De discussie over de netwerkcomputer, PC of Net-PC doet een beetje lachwekkend aan. Larry Ellison, de bedenker van de NC, beloofde dat zijn uitvinding niet meer dan 500 dollar zou gaan kosten. Inmiddels spreken de meeste NC-producenten van prijzen in de buurt van de 1000 dollar. De leveranciers van de diverse varianten leggen vooral de nadruk op een lage prijs en de lagere onderhoudskosten.
Inmiddels zijn er al zoveel verschillende netwerkcomputers op de markt dat ze allesbehalve uitwisselbaar zijn. Guus Budel, directeur van Syntegra, wijst er terecht op dat het bouwen van dergelijke ‘gemengde’ omgevingen leidt tot hogere kosten. Het beheer van deze omgevingen is zo ingewikkeld, dat goedkoop toch weer duurkoop wordt.

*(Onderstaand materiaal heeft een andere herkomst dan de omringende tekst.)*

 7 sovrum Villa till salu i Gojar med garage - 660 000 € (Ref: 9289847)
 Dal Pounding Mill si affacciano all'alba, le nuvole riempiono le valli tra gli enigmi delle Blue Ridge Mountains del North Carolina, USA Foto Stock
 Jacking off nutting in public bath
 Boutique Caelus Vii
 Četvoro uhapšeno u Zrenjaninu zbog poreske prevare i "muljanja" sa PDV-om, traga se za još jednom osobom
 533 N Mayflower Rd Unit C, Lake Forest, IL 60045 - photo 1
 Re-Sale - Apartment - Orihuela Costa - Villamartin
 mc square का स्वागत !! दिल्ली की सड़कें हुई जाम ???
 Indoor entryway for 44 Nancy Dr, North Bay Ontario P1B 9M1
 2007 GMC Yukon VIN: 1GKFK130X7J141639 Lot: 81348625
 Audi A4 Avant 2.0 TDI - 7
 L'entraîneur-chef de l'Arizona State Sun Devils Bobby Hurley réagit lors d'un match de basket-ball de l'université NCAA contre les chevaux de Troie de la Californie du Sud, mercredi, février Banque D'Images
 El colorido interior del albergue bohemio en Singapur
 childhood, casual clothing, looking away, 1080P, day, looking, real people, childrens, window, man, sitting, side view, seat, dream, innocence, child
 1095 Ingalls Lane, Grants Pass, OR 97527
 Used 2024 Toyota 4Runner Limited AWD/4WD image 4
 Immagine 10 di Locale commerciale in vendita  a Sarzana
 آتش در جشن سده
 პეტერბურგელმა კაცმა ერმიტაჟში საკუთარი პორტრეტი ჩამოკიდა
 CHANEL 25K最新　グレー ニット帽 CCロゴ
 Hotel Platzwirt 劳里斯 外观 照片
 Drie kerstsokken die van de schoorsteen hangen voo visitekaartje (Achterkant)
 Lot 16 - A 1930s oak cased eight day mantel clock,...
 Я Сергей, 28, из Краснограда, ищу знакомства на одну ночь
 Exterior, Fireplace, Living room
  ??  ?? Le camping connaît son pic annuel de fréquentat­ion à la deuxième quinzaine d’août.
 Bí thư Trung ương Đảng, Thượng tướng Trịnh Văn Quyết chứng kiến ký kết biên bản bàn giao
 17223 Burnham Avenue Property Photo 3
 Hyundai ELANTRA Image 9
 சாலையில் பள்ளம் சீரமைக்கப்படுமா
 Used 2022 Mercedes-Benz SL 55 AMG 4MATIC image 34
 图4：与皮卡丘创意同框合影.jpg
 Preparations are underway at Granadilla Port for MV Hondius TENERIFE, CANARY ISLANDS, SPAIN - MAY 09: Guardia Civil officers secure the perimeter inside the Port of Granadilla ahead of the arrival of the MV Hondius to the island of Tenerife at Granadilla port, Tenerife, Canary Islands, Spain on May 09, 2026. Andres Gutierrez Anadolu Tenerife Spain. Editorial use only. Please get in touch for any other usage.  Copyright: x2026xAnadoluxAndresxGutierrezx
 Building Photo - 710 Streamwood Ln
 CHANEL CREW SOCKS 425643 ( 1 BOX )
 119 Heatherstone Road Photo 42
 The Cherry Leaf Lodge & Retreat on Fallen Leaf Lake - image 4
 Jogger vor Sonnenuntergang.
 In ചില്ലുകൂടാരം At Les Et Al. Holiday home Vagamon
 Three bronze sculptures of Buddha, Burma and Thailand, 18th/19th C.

Vorig jaar voorspelde analist Robin Bloor al dat de wildgroei in netwerkcomputers zal leiden tot problemen in het beheer. De enige oplossing is het beheer van bedrijfsinformatie centraal te regelen. Het is immers nog steeds zo dat ruim 70 procent van deze informatie in mainframes is opgeslagen.
Opvallend in dit verband is de samenwerking van Netscape met zeventien softwarefabrikanten. Deze groep bedrijven wil via het Web toegang krijgen tot bedrijfsinformatie op het mainframe. Dit gegeven is ook de verklaring voor de overname van Amdahl door Fujitsu. Amdahl is weliswaar noodlijdend, maar het beschikt wel over veel kennis van de mainframemarkt. Via deze onverwachte overname versterkt Fujitsu zijn positie dan ook aanzienlijk.